In the records below, find the line with "Cute girl swinging in backyard", then retype it and every following line exactly, stopping after the line with "Patzi holding award next to two men". Leave the pictures out.

### Data section
*** Block opens ***

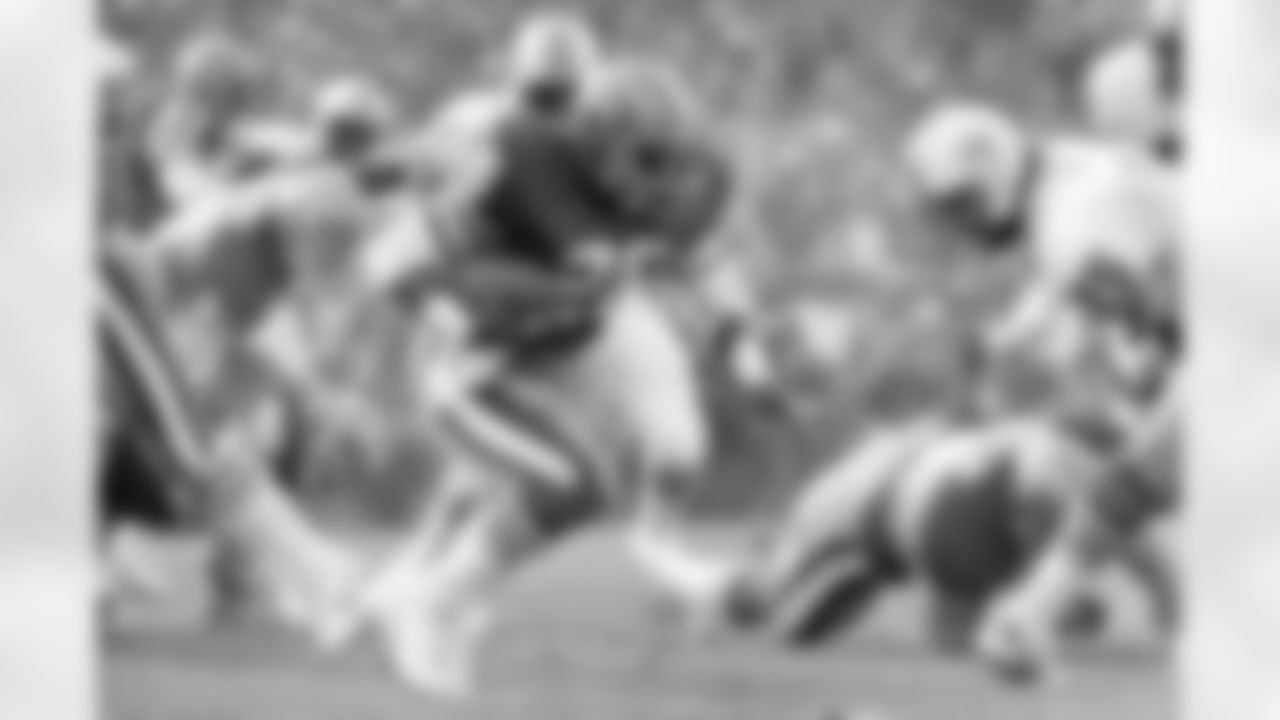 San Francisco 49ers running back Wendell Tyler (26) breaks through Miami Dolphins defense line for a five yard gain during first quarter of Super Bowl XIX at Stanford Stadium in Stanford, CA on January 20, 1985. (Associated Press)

*** Block closes ***
*** Block opens ***

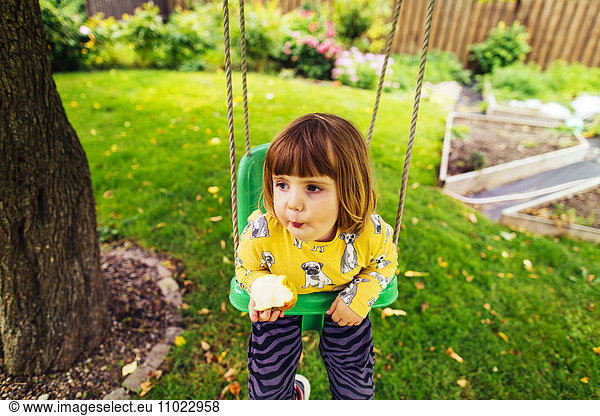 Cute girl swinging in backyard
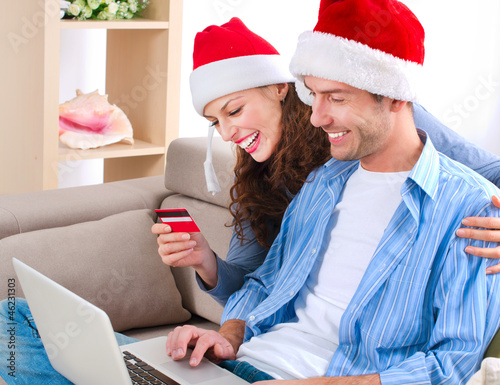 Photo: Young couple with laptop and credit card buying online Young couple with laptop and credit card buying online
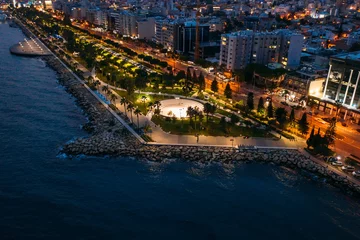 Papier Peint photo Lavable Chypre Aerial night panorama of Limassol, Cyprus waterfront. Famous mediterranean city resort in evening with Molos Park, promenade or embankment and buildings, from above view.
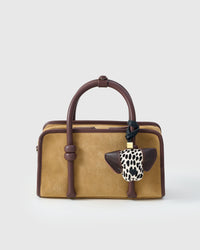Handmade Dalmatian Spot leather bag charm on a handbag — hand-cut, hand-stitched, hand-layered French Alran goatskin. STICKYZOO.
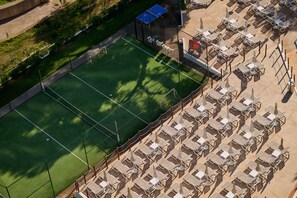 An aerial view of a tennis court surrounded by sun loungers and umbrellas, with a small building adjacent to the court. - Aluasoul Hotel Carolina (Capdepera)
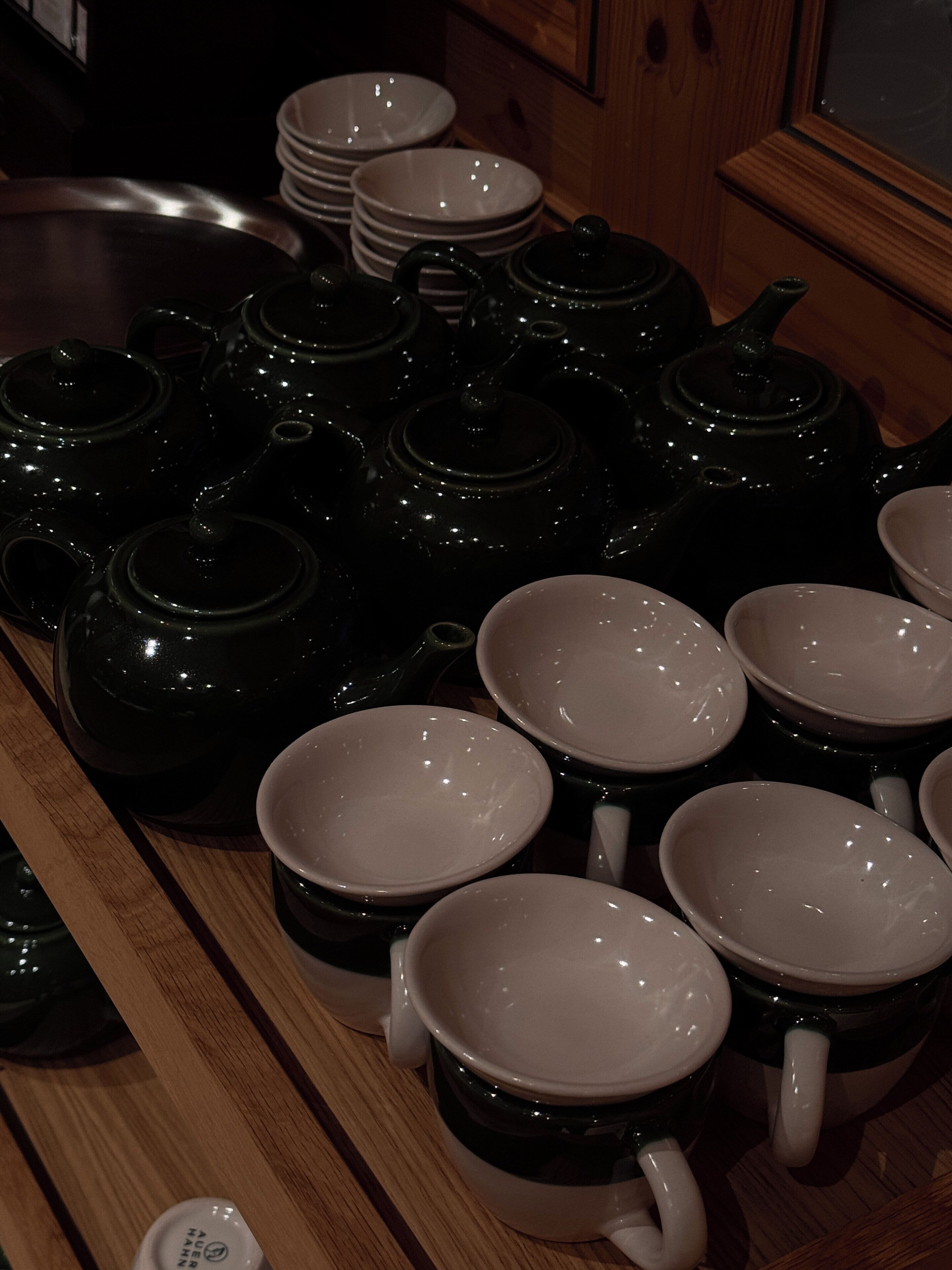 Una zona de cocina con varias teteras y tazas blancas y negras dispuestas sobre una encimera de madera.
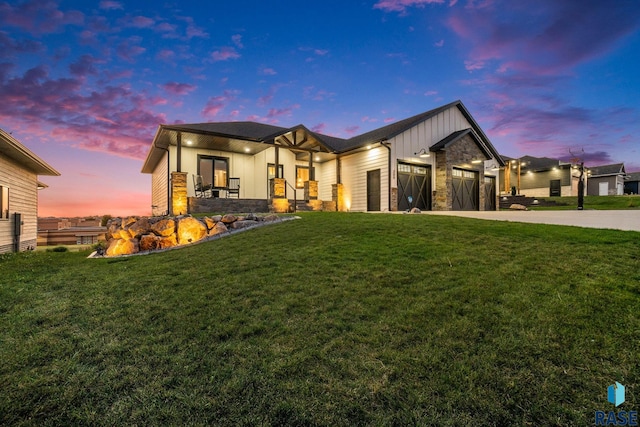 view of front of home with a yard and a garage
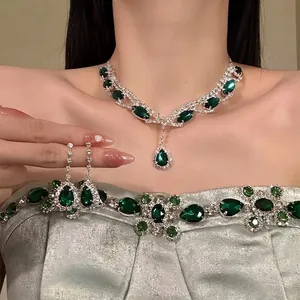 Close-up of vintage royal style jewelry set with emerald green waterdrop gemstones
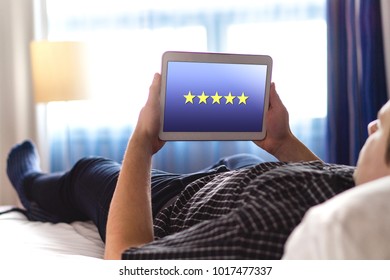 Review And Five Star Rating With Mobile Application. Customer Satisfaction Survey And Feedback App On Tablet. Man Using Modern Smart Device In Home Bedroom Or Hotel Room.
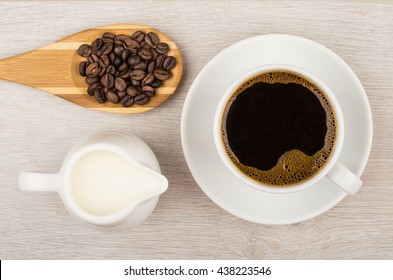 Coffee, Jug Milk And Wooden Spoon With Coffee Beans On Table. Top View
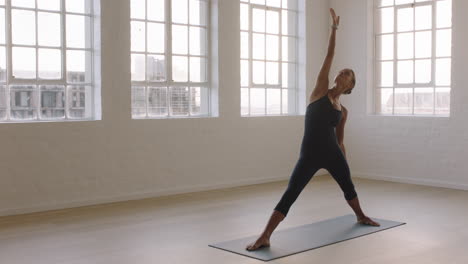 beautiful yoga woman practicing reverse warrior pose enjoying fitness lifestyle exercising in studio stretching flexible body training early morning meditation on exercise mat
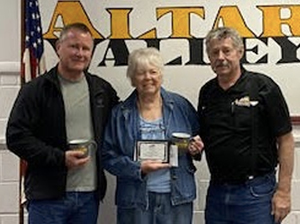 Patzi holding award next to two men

*** Block closes ***
*** Block opens ***

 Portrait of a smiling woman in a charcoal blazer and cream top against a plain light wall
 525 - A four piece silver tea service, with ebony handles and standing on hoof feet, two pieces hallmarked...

*** Block closes ***

### Answer for this exercise
 Cute girl swinging in backyard
 Photo: Young couple with laptop and credit card buying online Young couple with laptop and credit card buying online
 Papier Peint photo Lavable Chypre Aerial night panorama of Limassol, Cyprus waterfront. Famous mediterranean city resort in evening with Molos Park, promenade or embankment and buildings, from above view.
Handmade Dalmatian Spot leather bag charm on a handbag — hand-cut, hand-stitched, hand-layered French Alran goatskin. STICKYZOO.
 An aerial view of a tennis court surrounded by sun loungers and umbrellas, with a small building adjacent to the court. - Aluasoul Hotel Carolina (Capdepera)
 Una zona de cocina con varias teteras y tazas blancas y negras dispuestas sobre una encimera de madera.
 view of front of home with a yard and a garage
 Close-up of vintage royal style jewelry set with emerald green waterdrop gemstones
 Review And Five Star Rating With Mobile Application. Customer Satisfaction Survey And Feedback App On Tablet. Man Using Modern Smart Device In Home Bedroom Or Hotel Room.
 Coffee, Jug Milk And Wooden Spoon With Coffee Beans On Table. Top View
 beautiful yoga woman practicing reverse warrior pose enjoying fitness lifestyle exercising in studio stretching flexible body training early morning meditation on exercise mat
 Patzi holding award next to two men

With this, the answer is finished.